# Exercise
Whenever the word "Chapter" occurs in a line of the material below, that line is counted. Report only the count.
=== Exercise data ===
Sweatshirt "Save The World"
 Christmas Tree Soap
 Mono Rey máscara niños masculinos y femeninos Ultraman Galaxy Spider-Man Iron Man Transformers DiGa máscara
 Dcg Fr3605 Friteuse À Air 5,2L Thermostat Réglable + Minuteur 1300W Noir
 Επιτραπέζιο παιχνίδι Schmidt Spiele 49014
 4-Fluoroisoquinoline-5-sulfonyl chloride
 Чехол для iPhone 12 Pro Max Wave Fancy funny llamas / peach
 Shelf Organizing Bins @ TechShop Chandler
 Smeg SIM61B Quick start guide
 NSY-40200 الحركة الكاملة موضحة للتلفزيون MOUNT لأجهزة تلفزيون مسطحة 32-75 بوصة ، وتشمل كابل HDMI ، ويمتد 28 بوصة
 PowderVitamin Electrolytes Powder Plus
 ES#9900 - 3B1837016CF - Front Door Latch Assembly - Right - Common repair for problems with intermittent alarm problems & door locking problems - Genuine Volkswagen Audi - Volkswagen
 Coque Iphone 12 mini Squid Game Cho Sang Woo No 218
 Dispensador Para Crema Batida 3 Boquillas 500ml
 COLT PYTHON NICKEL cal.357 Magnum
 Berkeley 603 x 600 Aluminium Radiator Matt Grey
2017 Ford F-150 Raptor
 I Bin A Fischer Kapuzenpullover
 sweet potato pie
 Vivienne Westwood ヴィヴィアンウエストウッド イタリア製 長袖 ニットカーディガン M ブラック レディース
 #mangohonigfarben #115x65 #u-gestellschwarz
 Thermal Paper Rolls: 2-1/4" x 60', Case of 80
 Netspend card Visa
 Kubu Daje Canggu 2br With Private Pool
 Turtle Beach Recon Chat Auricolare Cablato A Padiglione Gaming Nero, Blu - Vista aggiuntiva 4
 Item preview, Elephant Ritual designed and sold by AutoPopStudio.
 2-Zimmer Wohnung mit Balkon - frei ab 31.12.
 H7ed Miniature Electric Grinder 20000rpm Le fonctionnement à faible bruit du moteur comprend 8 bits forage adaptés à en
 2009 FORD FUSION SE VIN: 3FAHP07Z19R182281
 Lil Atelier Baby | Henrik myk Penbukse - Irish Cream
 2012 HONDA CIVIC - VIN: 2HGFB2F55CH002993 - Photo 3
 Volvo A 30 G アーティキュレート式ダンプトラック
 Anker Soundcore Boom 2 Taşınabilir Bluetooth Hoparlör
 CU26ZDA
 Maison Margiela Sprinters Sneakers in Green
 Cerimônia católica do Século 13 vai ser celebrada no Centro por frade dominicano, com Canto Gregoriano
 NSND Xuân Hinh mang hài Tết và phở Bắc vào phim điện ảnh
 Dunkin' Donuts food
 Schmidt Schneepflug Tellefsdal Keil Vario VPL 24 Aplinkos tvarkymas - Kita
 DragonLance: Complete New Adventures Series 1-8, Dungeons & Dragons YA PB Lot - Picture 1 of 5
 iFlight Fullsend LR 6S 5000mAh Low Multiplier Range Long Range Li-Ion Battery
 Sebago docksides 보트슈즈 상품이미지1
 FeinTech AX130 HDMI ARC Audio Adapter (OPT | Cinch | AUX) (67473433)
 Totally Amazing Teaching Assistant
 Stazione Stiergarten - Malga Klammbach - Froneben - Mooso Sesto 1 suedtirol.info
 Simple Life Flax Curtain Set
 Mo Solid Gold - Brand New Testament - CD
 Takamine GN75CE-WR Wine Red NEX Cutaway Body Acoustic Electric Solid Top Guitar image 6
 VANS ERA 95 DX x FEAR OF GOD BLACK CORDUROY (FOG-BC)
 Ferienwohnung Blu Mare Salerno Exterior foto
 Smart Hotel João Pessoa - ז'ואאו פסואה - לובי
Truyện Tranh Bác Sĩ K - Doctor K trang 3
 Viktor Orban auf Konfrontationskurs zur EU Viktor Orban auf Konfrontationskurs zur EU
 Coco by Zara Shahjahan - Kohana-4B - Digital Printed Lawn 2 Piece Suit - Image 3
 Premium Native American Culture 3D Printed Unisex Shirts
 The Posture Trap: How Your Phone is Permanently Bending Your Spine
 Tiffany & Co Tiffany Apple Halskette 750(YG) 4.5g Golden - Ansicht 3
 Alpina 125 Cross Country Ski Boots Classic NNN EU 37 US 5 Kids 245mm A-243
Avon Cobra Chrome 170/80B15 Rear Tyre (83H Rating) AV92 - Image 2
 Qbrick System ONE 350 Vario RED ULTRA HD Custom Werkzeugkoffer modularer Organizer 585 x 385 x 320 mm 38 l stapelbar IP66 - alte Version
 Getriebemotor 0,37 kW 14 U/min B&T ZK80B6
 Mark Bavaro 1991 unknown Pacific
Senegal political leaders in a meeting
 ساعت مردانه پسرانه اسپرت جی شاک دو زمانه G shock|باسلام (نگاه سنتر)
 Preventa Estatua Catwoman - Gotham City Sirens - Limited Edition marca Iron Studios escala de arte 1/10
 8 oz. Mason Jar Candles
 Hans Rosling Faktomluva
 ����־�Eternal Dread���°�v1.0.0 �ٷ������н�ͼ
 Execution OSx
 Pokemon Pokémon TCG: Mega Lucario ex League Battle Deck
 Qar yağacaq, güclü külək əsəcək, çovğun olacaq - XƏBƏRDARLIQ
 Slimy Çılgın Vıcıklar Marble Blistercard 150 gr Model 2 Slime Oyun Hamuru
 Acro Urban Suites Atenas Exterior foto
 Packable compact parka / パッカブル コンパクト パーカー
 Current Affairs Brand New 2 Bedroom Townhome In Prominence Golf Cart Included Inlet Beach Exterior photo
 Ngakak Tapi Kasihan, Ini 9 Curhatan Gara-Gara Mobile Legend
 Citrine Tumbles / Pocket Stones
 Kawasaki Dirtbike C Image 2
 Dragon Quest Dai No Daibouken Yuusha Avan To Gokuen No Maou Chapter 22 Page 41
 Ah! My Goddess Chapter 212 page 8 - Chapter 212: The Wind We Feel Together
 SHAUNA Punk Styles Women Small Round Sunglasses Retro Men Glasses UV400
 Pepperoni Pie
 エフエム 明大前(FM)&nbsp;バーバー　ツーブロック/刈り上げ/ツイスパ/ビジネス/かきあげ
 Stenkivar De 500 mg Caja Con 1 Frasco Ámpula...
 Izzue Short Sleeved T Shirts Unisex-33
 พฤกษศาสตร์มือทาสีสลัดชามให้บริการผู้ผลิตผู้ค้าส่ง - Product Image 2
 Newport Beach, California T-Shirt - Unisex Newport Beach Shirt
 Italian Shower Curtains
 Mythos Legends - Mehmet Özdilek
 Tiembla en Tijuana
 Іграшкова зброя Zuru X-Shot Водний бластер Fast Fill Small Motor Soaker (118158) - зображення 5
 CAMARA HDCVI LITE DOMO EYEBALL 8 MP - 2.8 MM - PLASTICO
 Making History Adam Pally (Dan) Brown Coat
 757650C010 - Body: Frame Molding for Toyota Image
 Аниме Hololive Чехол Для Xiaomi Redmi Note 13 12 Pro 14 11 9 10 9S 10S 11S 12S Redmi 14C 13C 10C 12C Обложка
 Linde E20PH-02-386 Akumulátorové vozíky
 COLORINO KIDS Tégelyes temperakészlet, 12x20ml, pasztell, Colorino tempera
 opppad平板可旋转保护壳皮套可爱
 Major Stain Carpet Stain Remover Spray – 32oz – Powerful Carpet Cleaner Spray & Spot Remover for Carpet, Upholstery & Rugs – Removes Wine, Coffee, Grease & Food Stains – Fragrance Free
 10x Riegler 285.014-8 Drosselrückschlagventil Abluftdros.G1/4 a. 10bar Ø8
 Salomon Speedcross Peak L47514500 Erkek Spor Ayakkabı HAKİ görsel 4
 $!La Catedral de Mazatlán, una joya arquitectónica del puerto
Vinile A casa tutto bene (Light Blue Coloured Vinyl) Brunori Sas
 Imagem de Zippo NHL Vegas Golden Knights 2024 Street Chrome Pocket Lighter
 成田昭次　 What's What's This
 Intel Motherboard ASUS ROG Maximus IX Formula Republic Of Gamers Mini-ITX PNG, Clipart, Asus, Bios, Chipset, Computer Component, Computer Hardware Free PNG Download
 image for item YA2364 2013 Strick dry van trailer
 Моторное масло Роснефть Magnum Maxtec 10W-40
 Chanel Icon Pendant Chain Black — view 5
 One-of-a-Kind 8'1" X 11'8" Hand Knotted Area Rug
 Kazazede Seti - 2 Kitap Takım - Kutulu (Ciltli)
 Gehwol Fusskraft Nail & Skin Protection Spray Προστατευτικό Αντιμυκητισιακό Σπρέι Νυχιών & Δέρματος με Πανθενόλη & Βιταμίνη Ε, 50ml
===
# Response box
2